Tonga Elevates His Game

What a difference a day makes! The first day of practice took its toll on Matangi Tonga. He struggled with the heat and the altitude on Saturday. Things were much different on Monday for the top California defensive linemen, however. He played hard throughout practice, and he expects to improve his performance every day.

The grueling nature of BYU Head Coach Bronco Mendenhall's pursuit drills led to a few casualties among the newcomers. Matangi Tonga found himself struggling to catch his breath in the thin Utah air during the first day of fall practice.

"Actually my first day was really hard just adjusting to the altitude and stuff," said Tonga. "Today I felt a little better just getting used to it. I got a feel of how practice is now and when to go all out and when to ease up. My first day was really hard, but today it was a little easier, so hopefully I continue to get use to this air up here because I come from sea level. Up here it's like 5,000 feet above sea level and that can really do you in if you come from sea level."

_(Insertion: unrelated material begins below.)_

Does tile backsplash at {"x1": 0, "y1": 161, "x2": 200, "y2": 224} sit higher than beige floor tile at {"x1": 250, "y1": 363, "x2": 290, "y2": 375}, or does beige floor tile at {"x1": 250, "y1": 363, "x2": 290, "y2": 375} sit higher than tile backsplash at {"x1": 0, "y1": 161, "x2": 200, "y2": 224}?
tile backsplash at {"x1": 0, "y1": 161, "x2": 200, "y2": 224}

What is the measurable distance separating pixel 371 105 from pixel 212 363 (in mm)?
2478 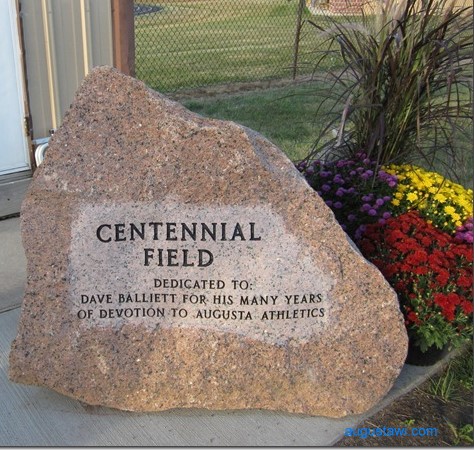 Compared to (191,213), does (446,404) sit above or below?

After one day, Tonga built up a little more resistance to the harsh conditions of fall practice, so he could fully pursued the goals outlined by the coaching staff.

"Today's goals were to basically fire out and make plays," said Tonga. "We set a standard on Saturday and the goal today was to exceed it. To come out more intense and more pumped up. The only problem was the offense came out more fired up today too, so we just ended up coming out even. I think we reached our goals today but we didn't surpass them. We still have some work to do. We set the bar pretty high especially for our young D-line guys, probably the oldest D-line guy is Hala [Paongo], but we have a lot of incoming freshmen and redshirt freshman. We just want to be able to just come out and play."

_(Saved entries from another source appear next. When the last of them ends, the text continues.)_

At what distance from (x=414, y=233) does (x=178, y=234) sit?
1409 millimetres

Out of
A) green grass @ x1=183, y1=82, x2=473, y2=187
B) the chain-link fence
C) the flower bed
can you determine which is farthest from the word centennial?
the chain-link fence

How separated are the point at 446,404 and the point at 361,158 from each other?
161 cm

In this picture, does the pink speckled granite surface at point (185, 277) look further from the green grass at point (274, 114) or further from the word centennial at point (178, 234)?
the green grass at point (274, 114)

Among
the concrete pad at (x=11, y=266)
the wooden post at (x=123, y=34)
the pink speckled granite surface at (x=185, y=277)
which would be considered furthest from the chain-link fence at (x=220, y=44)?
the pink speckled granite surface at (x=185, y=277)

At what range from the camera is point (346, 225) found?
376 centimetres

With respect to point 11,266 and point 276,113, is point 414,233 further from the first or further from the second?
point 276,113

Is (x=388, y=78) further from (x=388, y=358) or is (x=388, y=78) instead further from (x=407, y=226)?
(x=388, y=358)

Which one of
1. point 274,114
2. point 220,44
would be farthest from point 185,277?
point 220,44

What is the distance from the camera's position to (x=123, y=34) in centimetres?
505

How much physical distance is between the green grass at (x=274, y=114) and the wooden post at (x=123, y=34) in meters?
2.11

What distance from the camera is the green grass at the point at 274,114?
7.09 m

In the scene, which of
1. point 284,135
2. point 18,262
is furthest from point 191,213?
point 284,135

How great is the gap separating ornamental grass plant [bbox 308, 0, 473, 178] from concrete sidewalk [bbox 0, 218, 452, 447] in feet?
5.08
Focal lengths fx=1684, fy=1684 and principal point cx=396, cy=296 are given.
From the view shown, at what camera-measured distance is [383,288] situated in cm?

Being able to come out and play means meeting the high standard of play set by BYU's coaching staff. This young defensive line group knows BYU's needs on the line, and they know that they must fill that need.

"The coaches have done a good job in helping us with the pressure and with expectations," said Tonga. "They do a good job of using us within the lineups and stuff, and so the chances of a new guy going in are limited, but we just want to make sure that when one of us does get that chance that we go all out.

"Right now the D-line is trying to be great. We're still young and we're learning the ropes and stuff, but we'll get there with a lot of hard work. Under Coach Mendenhall, he's a tough coach and is working hard with the D-linemen along with our D-line coach. It's tough but we'll get there."

Tonga and the rest of the new D-linemen were the stars of their high schools, but at BYU they all quickly learned that they are no longer the big men on campus.

"In high school the average offensive linemen was at the most 280," Tonga laughed. "You come to college and you gotta go up against guys with forty more pounds. The offensive linemen here are all like 320 and everyone is like 6-4 or 6-5. Strength and speed wise everyone here is just so much more elevated in college than in high school. These guys here are going to help us all get better.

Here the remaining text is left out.